Cumberland Times-News

Editorials

April 30, 2014

Problematic

Subject Md. ‘bathroom law’ to a referendum

Although supporters of what has come to be known as the “Maryland bathroom law” scoff at suggestions predators will invade public restrooms, we believe a petition against the law will garner a lot of support.

The Fairness for All Marylanders Act of 2014 expands protection for transgender individuals in Maryland. Gov. Martin O’Malley has said he intends to sign the bill into law.

Proponents of the Fairness for All Marylanders Act believe the law an important piece of civil rights legislation that will stop discrimination based on gender identity in employment, housing and public places, which includes hotels, restaurants, theaters and sports venues. It includes an exemption for religious organizations, private clubs and educational institutions.

We fully support the ban on discrimination. At the same time, we believe the provision in the law permitting transgender individuals to go into an opposite-sex bathroom is problematic.

“It opens it up to predators, not necessarily transsexuals, but predators who will take advantage and go into the opposite-sex bathroom,” said Del.
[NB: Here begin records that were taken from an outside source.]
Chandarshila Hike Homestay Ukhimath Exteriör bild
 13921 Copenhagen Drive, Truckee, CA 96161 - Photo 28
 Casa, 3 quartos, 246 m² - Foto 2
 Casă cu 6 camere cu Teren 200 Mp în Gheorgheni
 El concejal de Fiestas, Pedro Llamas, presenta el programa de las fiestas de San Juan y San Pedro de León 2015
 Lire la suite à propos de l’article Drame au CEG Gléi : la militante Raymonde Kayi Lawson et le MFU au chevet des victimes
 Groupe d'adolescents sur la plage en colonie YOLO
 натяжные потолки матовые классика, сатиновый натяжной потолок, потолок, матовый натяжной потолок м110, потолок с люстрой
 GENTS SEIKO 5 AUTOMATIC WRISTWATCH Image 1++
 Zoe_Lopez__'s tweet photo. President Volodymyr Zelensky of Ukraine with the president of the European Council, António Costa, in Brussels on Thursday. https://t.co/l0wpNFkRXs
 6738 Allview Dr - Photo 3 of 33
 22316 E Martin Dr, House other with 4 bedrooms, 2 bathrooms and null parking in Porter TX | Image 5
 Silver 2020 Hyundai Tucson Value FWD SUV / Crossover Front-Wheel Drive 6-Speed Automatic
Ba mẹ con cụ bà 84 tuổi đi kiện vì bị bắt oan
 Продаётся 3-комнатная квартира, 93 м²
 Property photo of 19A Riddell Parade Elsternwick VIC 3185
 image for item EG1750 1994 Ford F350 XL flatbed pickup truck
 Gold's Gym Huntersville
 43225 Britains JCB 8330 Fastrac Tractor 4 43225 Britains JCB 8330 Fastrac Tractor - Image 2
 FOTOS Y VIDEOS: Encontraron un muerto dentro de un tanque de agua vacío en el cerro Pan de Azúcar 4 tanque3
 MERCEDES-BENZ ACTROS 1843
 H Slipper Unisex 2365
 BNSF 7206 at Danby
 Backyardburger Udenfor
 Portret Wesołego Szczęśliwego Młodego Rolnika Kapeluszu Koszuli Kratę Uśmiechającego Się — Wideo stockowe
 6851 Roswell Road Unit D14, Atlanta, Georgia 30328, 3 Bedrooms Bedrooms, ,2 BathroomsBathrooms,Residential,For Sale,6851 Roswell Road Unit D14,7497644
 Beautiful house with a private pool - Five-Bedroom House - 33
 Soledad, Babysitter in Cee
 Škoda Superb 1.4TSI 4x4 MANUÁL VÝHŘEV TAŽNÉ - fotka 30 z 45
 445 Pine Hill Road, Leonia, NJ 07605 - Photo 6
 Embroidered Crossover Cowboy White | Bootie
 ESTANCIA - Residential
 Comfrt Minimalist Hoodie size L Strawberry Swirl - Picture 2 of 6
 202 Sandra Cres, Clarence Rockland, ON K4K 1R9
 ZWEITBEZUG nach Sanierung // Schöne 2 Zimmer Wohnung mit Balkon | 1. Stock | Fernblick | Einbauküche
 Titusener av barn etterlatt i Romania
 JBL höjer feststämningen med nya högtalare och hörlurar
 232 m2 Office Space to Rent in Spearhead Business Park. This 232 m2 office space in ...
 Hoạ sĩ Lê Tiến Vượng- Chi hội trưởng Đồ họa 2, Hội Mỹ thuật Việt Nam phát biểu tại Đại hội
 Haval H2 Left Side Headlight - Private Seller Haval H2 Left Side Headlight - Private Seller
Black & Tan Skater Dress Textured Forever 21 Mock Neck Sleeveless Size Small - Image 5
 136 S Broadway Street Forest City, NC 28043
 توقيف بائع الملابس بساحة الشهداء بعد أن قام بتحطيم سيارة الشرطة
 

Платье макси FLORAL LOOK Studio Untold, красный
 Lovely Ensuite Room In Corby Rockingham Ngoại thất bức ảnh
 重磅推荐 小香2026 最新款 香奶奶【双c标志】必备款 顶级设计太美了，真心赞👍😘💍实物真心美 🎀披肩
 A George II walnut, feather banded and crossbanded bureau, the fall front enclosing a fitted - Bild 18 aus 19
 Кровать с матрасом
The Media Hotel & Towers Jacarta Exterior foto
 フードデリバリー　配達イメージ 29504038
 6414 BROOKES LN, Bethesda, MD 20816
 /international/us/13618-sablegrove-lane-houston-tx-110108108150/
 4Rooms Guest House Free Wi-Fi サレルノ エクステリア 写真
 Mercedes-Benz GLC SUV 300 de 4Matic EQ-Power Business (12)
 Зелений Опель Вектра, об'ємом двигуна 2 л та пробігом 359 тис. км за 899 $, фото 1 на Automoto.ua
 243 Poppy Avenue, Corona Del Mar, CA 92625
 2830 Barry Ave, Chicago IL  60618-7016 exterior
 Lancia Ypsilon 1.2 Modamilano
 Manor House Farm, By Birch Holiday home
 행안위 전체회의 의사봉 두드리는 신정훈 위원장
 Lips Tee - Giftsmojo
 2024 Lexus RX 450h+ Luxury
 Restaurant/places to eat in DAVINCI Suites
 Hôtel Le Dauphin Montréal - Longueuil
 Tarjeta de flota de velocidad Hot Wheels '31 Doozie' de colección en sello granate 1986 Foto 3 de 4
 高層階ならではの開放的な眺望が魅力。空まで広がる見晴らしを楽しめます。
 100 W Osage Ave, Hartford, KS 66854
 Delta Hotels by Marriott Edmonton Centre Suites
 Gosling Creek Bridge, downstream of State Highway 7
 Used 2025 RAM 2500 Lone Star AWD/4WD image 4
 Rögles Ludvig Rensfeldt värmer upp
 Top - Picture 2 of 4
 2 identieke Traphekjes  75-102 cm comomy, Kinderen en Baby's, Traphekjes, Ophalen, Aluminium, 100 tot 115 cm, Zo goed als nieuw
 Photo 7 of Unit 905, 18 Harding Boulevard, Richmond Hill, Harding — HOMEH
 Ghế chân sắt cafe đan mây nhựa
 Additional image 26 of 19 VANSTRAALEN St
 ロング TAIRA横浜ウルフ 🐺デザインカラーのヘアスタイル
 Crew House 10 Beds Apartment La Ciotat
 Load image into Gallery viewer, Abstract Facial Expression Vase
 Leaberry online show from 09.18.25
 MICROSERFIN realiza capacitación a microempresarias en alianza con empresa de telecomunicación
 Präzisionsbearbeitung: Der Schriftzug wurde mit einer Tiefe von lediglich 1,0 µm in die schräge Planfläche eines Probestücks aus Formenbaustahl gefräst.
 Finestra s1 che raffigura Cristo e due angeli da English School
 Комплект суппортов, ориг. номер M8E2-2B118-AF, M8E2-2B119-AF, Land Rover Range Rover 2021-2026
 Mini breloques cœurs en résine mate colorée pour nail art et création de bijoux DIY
Neil C. Parrott (R-Washington County), who is chairman of the group calling for a referendum on the law.

Supporters of the law disagree. “Delegate Parrott’s misleading comments about bathrooms would almost be comical if he weren’t using these scare tactics to confuse the public and oppose basic civil rights protections in employment, housing, services, and public spaces,” Jer Welter of the FreeState Legal Project, a legal advocacy group that assists Maryland’s low-income lesbian, gay, bisexual and transgender community, said in a statement on Tuesday.

There was heavy debate about the legislation this General Assembly session. The bill passed the House of Delegates on an 82-57 vote and won Senate approval by a margin of 32-15. During the debates many of the lawmakers expressed concerns about the public restroom access for transgenders.

The petition calling for a referendum is posted on the website MDPetitions.com . Under the Maryland constitution, recently passed laws can be petitioned to the ballot by gathering signatures from the equivalent of 3 percent of those who voted in the last race for governor, which this year is around 55,700.

There is enough concern about the law that a referendum is needed.